[Data excerpts]

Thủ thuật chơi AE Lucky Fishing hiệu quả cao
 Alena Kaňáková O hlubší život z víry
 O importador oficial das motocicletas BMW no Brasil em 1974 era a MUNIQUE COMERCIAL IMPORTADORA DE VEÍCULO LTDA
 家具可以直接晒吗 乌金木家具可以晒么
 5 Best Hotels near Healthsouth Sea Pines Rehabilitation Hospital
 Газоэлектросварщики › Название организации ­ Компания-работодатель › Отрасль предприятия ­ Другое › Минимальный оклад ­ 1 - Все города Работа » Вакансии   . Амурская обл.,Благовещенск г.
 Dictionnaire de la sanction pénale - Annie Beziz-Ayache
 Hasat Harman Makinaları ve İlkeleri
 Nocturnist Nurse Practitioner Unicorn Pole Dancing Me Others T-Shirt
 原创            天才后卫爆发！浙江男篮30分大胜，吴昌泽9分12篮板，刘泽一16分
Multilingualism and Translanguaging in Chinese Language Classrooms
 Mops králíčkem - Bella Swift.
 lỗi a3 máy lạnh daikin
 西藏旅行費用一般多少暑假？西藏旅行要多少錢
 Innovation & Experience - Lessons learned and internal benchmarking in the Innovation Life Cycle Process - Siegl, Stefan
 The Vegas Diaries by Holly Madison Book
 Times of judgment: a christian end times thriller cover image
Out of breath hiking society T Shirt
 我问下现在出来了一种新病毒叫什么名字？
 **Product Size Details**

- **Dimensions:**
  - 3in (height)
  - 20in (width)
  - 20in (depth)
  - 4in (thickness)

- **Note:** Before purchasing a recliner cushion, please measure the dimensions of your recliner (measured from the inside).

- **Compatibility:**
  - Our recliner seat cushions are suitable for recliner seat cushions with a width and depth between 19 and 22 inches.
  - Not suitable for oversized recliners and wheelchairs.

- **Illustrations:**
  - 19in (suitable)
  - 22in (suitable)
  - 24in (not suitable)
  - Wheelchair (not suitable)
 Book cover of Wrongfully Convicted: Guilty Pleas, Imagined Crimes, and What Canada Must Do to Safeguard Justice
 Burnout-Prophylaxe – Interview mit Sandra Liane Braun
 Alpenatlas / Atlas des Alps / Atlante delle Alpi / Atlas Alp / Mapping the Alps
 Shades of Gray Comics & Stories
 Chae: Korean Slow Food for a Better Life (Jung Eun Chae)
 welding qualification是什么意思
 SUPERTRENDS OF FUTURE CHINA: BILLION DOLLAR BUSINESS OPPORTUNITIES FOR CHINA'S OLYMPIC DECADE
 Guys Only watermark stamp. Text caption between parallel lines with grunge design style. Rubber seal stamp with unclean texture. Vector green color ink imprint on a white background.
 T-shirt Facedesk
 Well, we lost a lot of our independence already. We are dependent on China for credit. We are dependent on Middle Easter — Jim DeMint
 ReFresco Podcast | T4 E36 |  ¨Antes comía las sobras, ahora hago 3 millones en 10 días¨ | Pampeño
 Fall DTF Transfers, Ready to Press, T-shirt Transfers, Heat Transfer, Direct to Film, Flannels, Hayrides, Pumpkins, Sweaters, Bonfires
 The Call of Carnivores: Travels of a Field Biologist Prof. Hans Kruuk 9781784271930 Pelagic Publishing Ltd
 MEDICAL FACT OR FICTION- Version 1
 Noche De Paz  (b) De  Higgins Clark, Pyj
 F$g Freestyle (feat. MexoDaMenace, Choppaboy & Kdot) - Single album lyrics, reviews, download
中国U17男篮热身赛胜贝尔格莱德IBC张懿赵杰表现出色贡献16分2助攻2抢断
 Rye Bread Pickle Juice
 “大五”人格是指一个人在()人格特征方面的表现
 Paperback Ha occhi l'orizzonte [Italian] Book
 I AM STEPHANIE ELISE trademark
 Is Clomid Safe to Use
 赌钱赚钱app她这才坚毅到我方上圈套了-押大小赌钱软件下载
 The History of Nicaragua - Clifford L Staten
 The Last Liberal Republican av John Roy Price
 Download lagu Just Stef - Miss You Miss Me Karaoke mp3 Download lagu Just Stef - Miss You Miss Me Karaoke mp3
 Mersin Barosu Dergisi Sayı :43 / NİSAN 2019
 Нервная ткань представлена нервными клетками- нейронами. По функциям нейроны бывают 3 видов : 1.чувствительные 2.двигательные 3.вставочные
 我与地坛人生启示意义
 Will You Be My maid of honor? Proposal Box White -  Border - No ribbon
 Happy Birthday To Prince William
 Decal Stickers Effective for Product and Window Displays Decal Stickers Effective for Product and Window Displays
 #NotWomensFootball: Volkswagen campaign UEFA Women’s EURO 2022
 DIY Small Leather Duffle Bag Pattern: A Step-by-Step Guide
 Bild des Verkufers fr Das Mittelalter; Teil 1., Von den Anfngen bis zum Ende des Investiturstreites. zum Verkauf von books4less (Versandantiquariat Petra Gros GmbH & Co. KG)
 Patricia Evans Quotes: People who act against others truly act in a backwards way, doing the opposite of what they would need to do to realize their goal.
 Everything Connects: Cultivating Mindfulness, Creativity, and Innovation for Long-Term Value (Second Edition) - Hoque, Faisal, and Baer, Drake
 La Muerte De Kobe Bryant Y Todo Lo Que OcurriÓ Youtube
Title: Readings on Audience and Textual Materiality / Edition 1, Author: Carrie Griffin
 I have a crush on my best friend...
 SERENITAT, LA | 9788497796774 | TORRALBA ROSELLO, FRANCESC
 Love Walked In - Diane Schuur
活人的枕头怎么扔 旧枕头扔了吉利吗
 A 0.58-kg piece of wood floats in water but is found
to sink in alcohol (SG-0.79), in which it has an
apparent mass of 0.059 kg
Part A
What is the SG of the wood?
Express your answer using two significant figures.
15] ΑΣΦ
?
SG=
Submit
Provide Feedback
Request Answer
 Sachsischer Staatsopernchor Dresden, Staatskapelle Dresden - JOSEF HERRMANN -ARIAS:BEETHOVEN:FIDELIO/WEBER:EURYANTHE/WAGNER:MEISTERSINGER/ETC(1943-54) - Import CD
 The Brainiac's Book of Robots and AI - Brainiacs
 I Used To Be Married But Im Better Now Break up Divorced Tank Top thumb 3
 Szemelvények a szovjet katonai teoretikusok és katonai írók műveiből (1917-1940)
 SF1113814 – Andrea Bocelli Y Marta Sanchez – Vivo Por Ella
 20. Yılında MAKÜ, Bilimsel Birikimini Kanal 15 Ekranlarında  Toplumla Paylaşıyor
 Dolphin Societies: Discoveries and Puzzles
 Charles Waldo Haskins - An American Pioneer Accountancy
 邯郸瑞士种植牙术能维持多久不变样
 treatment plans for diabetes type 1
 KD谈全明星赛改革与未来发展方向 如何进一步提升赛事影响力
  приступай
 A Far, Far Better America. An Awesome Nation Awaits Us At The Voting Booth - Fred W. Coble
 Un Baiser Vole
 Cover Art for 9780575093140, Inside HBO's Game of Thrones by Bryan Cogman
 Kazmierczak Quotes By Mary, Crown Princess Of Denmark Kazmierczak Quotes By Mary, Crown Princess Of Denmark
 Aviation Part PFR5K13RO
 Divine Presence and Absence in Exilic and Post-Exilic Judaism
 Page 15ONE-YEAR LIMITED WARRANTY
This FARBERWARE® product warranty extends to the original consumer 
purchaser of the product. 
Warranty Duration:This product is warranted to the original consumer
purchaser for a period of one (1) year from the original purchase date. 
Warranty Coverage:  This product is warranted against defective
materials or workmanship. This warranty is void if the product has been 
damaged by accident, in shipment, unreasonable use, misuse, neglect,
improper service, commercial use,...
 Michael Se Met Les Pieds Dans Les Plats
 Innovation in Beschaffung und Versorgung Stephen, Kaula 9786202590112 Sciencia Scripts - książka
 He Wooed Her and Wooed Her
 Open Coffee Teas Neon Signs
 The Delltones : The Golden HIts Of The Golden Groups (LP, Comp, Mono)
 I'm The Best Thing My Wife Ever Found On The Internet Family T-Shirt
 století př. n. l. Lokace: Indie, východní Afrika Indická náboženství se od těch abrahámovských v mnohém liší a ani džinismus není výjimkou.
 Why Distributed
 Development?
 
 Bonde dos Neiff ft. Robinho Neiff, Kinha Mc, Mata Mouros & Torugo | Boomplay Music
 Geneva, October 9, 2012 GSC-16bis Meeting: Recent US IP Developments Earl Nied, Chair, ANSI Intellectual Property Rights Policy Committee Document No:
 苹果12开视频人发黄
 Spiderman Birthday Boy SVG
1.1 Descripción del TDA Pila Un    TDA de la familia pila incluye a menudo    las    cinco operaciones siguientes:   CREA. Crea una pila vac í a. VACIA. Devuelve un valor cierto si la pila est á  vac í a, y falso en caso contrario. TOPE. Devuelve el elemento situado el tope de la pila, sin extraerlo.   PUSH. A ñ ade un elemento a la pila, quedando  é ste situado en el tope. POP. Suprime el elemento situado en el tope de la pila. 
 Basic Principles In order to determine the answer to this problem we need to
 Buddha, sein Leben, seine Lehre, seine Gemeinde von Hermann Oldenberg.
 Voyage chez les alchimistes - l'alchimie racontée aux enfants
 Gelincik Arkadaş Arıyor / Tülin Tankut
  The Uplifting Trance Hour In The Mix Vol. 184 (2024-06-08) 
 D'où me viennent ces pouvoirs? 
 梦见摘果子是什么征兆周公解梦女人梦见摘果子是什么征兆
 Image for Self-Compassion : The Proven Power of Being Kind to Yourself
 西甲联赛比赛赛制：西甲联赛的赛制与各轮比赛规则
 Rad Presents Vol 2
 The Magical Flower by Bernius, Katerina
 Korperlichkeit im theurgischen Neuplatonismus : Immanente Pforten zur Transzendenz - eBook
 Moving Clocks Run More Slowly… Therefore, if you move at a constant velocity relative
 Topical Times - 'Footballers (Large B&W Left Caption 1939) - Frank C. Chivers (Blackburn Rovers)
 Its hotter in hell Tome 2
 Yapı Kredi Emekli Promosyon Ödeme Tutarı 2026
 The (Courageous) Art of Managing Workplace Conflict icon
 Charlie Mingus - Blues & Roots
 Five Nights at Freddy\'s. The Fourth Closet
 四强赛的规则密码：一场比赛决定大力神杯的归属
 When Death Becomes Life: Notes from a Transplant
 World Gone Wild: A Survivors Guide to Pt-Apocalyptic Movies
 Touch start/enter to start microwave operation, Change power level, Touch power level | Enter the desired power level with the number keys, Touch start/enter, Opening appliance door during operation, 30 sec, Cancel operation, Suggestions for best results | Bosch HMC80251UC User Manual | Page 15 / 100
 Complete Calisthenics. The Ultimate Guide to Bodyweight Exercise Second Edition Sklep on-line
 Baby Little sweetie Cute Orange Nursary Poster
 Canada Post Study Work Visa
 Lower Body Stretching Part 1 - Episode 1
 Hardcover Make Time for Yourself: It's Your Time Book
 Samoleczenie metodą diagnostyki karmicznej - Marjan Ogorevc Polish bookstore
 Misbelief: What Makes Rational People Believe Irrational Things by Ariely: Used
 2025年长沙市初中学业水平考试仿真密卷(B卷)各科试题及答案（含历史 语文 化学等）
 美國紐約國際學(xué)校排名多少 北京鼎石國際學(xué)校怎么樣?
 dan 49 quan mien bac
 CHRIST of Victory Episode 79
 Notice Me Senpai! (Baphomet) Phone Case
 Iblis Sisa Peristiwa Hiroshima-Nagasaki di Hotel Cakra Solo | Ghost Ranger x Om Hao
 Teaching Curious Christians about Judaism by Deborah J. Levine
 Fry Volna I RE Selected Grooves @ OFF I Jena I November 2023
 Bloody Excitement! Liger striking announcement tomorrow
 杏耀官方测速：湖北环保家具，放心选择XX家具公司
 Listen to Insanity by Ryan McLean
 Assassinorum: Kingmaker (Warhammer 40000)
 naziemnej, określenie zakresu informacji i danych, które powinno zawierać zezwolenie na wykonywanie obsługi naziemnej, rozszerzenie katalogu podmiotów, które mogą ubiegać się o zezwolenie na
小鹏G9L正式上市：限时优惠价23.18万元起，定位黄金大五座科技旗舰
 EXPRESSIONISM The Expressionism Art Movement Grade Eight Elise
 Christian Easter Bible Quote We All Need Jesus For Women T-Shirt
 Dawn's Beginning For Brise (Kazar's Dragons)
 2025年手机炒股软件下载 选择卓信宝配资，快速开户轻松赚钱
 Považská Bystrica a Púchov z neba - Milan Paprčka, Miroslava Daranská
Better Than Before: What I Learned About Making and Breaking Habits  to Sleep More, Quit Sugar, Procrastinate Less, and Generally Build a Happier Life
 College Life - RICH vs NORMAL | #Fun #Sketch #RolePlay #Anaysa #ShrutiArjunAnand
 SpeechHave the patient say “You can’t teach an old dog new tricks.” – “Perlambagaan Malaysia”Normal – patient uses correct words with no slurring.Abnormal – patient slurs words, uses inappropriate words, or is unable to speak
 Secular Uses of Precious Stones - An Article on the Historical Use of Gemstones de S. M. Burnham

[/Data excerpts]

◆ Task requirements ◆
What you should output is every line of the records above, from the first through the line containing "- Our recliner", unchanged.

◆ Response area ◆
Thủ thuật chơi AE Lucky Fishing hiệu quả cao
 Alena Kaňáková O hlubší život z víry
 O importador oficial das motocicletas BMW no Brasil em 1974 era a MUNIQUE COMERCIAL IMPORTADORA DE VEÍCULO LTDA
 家具可以直接晒吗 乌金木家具可以晒么
 5 Best Hotels near Healthsouth Sea Pines Rehabilitation Hospital
 Газоэлектросварщики › Название организации ­ Компания-работодатель › Отрасль предприятия ­ Другое › Минимальный оклад ­ 1 - Все города Работа » Вакансии   . Амурская обл.,Благовещенск г.
 Dictionnaire de la sanction pénale - Annie Beziz-Ayache
 Hasat Harman Makinaları ve İlkeleri
 Nocturnist Nurse Practitioner Unicorn Pole Dancing Me Others T-Shirt
 原创            天才后卫爆发！浙江男篮30分大胜，吴昌泽9分12篮板，刘泽一16分
Multilingualism and Translanguaging in Chinese Language Classrooms
 Mops králíčkem - Bella Swift.
 lỗi a3 máy lạnh daikin
 西藏旅行費用一般多少暑假？西藏旅行要多少錢
 Innovation & Experience - Lessons learned and internal benchmarking in the Innovation Life Cycle Process - Siegl, Stefan
 The Vegas Diaries by Holly Madison Book
 Times of judgment: a christian end times thriller cover image
Out of breath hiking society T Shirt
 我问下现在出来了一种新病毒叫什么名字？
 **Product Size Details**

- **Dimensions:**
  - 3in (height)
  - 20in (width)
  - 20in (depth)
  - 4in (thickness)

- **Note:** Before purchasing a recliner cushion, please measure the dimensions of your recliner (measured from the inside).

- **Compatibility:**
  - Our recliner seat cushions are suitable for recliner seat cushions with a width and depth between 19 and 22 inches.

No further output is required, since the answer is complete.